- **DESCRIPTION OF THE TASK**:
Pictures in the records below are skipped; the rest is copied exactly.

[Saved entries]
____________________

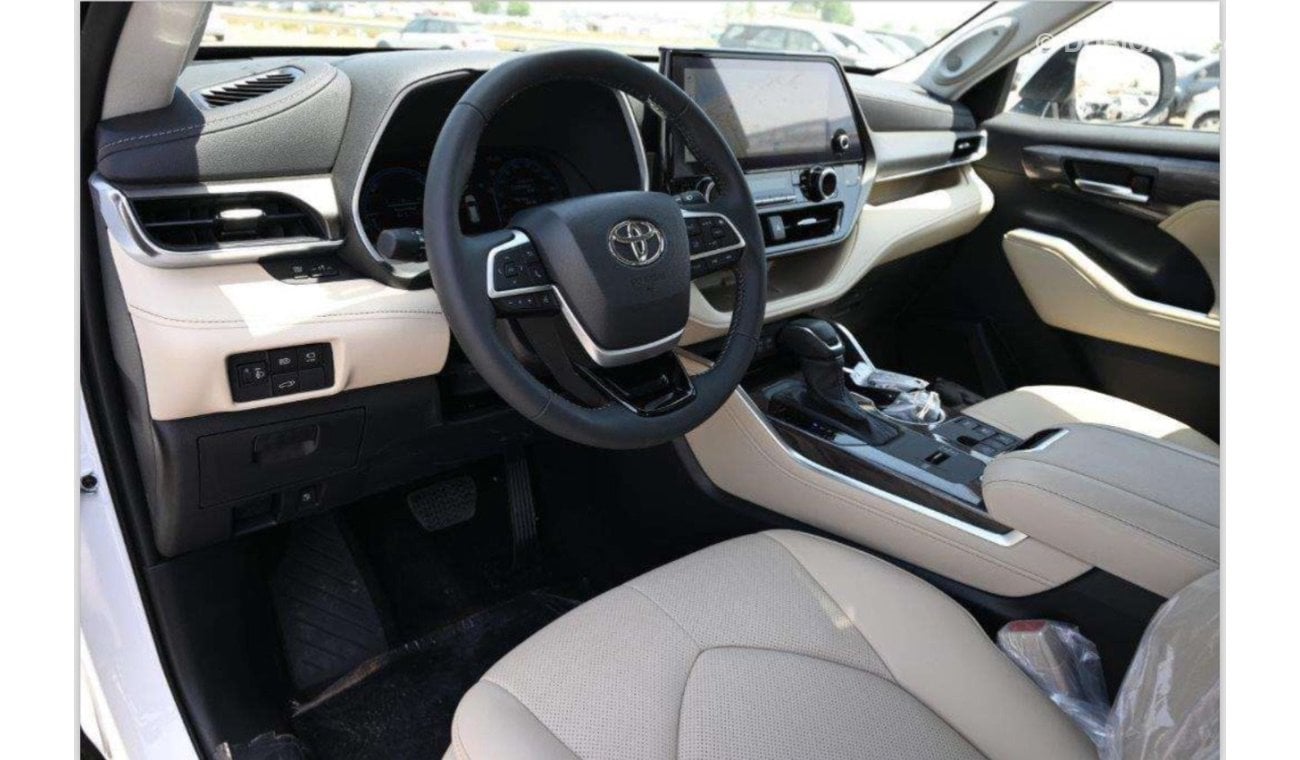 تويوتا هايلاندر 2024 TOYOTA HIGHLANDER LIMITED HYBRID 2.5L AWD WITH JBL SPEAKERS, HEADS UP DISPLAY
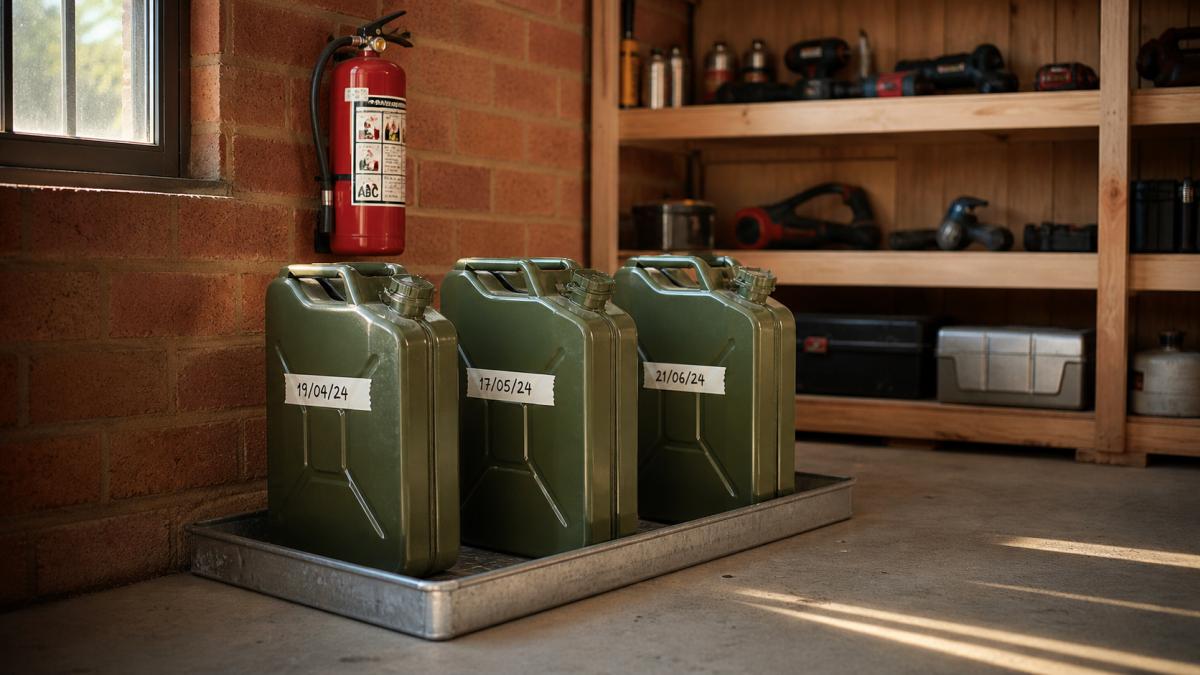How Much Fuel You Can Legally Store at Home in South Africa (And Whether It Will Still Run Your Car Next Year)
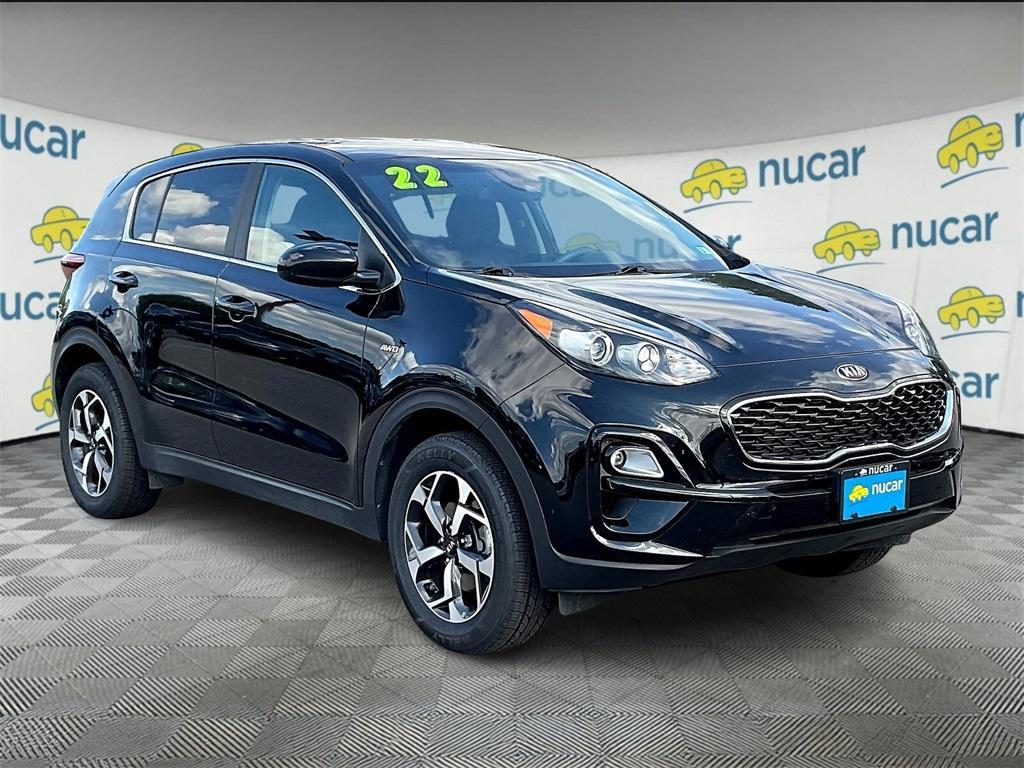 used 2022 Kia Sportage car, priced at $20,629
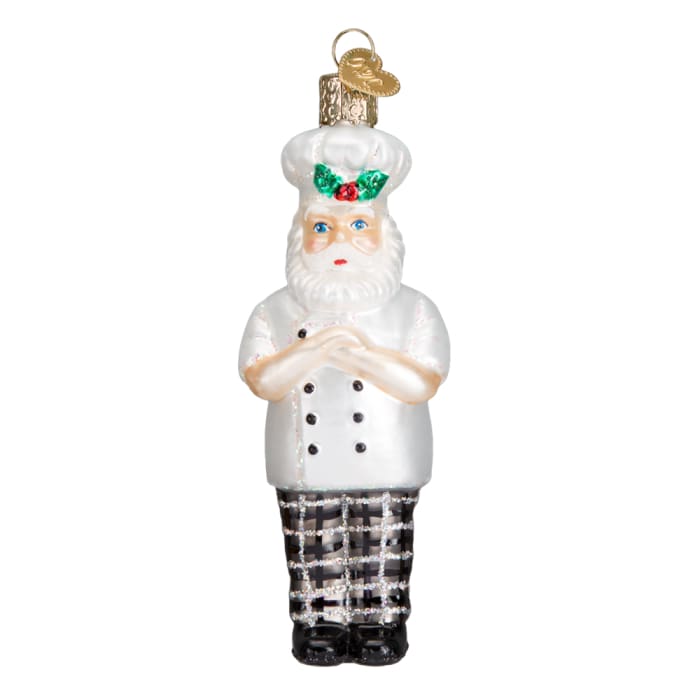 Ornament Santa Chef 5 - Christmas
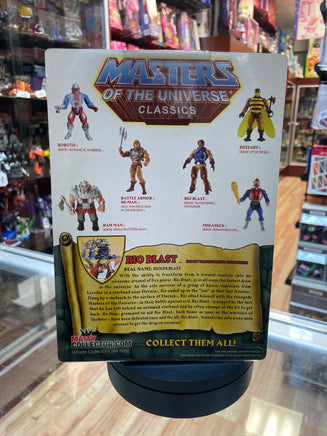 Rio Blast (MOTU Classics, Mattel) **SEALED** - Bitz & Buttons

____________________

- **COMPLETED EXERCISE**:
 تويوتا هايلاندر 2024 TOYOTA HIGHLANDER LIMITED HYBRID 2.5L AWD WITH JBL SPEAKERS, HEADS UP DISPLAY
How Much Fuel You Can Legally Store at Home in South Africa (And Whether It Will Still Run Your Car Next Year)
 used 2022 Kia Sportage car, priced at $20,629
 Ornament Santa Chef 5 - Christmas
 Rio Blast (MOTU Classics, Mattel) **SEALED** - Bitz & Buttons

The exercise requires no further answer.